WHAT THE TASK ASKS - Only the lines from the one with "Rails Rust Spotted" through the last belong in the output; print them exactly as given below.

INPUT RECORDS Block Start

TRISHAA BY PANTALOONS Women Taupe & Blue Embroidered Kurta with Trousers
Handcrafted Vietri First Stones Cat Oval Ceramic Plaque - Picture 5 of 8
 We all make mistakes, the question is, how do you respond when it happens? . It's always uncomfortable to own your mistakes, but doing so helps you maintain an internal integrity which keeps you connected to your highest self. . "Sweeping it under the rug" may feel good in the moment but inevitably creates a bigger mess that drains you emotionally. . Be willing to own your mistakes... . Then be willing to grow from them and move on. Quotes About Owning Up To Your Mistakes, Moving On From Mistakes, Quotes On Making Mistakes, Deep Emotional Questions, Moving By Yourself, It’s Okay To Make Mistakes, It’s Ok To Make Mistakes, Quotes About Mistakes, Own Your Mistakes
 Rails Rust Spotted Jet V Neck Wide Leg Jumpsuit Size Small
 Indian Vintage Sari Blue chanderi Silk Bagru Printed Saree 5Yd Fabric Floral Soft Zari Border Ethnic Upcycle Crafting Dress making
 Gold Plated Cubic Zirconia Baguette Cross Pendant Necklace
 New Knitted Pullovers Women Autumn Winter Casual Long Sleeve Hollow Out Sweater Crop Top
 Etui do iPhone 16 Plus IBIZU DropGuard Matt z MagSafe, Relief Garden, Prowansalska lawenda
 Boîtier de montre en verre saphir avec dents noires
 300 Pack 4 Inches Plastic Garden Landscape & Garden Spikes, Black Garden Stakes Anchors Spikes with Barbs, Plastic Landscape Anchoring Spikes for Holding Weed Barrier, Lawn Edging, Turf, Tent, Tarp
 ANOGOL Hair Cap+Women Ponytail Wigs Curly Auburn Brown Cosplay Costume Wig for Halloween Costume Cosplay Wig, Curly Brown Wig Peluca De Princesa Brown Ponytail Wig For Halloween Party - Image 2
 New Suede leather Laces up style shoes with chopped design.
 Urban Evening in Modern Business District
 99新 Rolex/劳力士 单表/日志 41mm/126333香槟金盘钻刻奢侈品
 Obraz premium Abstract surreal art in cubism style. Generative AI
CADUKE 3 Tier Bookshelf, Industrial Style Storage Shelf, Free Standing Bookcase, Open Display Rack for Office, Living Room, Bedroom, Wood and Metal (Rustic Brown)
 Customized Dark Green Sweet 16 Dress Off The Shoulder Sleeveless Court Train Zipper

INPUT RECORDS Block End

ANSWER BELOW -
 Rails Rust Spotted Jet V Neck Wide Leg Jumpsuit Size Small
 Indian Vintage Sari Blue chanderi Silk Bagru Printed Saree 5Yd Fabric Floral Soft Zari Border Ethnic Upcycle Crafting Dress making
 Gold Plated Cubic Zirconia Baguette Cross Pendant Necklace
 New Knitted Pullovers Women Autumn Winter Casual Long Sleeve Hollow Out Sweater Crop Top
 Etui do iPhone 16 Plus IBIZU DropGuard Matt z MagSafe, Relief Garden, Prowansalska lawenda
 Boîtier de montre en verre saphir avec dents noires
 300 Pack 4 Inches Plastic Garden Landscape & Garden Spikes, Black Garden Stakes Anchors Spikes with Barbs, Plastic Landscape Anchoring Spikes for Holding Weed Barrier, Lawn Edging, Turf, Tent, Tarp
 ANOGOL Hair Cap+Women Ponytail Wigs Curly Auburn Brown Cosplay Costume Wig for Halloween Costume Cosplay Wig, Curly Brown Wig Peluca De Princesa Brown Ponytail Wig For Halloween Party - Image 2
 New Suede leather Laces up style shoes with chopped design.
 Urban Evening in Modern Business District
 99新 Rolex/劳力士 单表/日志 41mm/126333香槟金盘钻刻奢侈品
 Obraz premium Abstract surreal art in cubism style. Generative AI
CADUKE 3 Tier Bookshelf, Industrial Style Storage Shelf, Free Standing Bookcase, Open Display Rack for Office, Living Room, Bedroom, Wood and Metal (Rustic Brown)
 Customized Dark Green Sweet 16 Dress Off The Shoulder Sleeveless Court Train Zipper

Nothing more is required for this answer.